--- DATA TO USE ---
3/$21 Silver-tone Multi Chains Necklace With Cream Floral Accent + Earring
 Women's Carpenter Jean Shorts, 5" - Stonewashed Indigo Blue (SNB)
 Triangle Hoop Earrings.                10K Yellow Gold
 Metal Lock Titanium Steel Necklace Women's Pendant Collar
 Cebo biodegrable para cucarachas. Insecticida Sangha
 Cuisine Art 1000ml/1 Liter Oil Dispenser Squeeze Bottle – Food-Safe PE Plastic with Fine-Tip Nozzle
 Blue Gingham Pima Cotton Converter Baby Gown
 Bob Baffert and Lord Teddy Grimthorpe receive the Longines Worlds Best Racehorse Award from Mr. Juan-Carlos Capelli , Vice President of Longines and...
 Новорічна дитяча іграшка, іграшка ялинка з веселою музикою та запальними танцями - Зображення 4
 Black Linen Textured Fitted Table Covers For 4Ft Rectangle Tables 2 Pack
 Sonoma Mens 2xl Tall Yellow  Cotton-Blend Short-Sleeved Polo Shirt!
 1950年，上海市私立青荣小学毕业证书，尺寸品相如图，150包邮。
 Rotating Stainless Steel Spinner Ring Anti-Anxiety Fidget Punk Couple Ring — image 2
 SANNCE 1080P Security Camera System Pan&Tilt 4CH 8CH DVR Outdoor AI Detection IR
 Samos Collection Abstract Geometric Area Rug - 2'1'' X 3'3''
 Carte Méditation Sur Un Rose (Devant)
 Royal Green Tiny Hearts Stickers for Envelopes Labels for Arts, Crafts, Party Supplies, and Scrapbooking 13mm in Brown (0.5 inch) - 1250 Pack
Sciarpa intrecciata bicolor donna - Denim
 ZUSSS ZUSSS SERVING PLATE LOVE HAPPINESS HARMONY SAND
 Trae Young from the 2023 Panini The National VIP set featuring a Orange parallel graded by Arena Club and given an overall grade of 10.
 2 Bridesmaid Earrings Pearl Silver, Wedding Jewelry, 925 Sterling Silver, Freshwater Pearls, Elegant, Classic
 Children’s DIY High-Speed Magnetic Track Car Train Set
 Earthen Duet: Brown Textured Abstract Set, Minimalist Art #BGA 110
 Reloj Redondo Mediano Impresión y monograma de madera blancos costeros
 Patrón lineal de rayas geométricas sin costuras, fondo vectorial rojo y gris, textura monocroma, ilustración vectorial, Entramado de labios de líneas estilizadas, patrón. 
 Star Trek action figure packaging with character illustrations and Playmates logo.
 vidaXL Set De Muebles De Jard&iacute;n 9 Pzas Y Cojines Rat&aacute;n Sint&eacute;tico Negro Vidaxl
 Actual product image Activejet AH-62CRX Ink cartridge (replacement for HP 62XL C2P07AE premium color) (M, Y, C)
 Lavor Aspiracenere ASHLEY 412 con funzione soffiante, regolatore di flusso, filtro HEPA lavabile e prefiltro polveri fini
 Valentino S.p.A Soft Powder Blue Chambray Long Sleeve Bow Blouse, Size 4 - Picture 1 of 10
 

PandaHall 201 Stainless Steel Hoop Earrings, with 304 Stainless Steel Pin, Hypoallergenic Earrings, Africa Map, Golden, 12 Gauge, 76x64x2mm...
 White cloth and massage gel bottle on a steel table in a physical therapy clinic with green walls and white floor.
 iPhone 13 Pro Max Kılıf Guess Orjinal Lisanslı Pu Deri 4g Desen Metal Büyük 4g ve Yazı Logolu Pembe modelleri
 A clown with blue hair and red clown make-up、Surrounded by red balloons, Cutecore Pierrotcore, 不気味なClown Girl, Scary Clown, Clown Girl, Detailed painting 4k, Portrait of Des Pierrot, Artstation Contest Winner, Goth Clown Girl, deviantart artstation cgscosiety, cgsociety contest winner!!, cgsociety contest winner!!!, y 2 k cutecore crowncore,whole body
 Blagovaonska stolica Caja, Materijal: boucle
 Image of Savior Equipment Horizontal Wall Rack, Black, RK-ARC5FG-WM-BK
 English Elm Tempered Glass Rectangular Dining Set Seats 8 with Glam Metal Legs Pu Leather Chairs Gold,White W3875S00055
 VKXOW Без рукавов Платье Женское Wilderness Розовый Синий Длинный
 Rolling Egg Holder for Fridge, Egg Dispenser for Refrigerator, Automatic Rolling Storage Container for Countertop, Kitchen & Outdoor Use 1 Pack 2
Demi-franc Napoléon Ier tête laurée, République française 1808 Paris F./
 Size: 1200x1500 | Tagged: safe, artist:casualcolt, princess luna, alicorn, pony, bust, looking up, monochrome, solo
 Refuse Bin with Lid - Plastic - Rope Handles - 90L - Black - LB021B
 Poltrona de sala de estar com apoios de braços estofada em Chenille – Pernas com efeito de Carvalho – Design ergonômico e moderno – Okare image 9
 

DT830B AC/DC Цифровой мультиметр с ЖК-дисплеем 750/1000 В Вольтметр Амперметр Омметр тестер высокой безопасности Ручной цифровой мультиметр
---
WHAT IS NEEDED: In the entries above, find the line holding "2 Bridesmaid Earrings" and the line holding "Reloj Redondo Mediano", then retype exactly those two lines and every line between them, and nothing else.

EXPECTED ANSWER:
 2 Bridesmaid Earrings Pearl Silver, Wedding Jewelry, 925 Sterling Silver, Freshwater Pearls, Elegant, Classic
 Children’s DIY High-Speed Magnetic Track Car Train Set
 Earthen Duet: Brown Textured Abstract Set, Minimalist Art #BGA 110
 Reloj Redondo Mediano Impresión y monograma de madera blancos costeros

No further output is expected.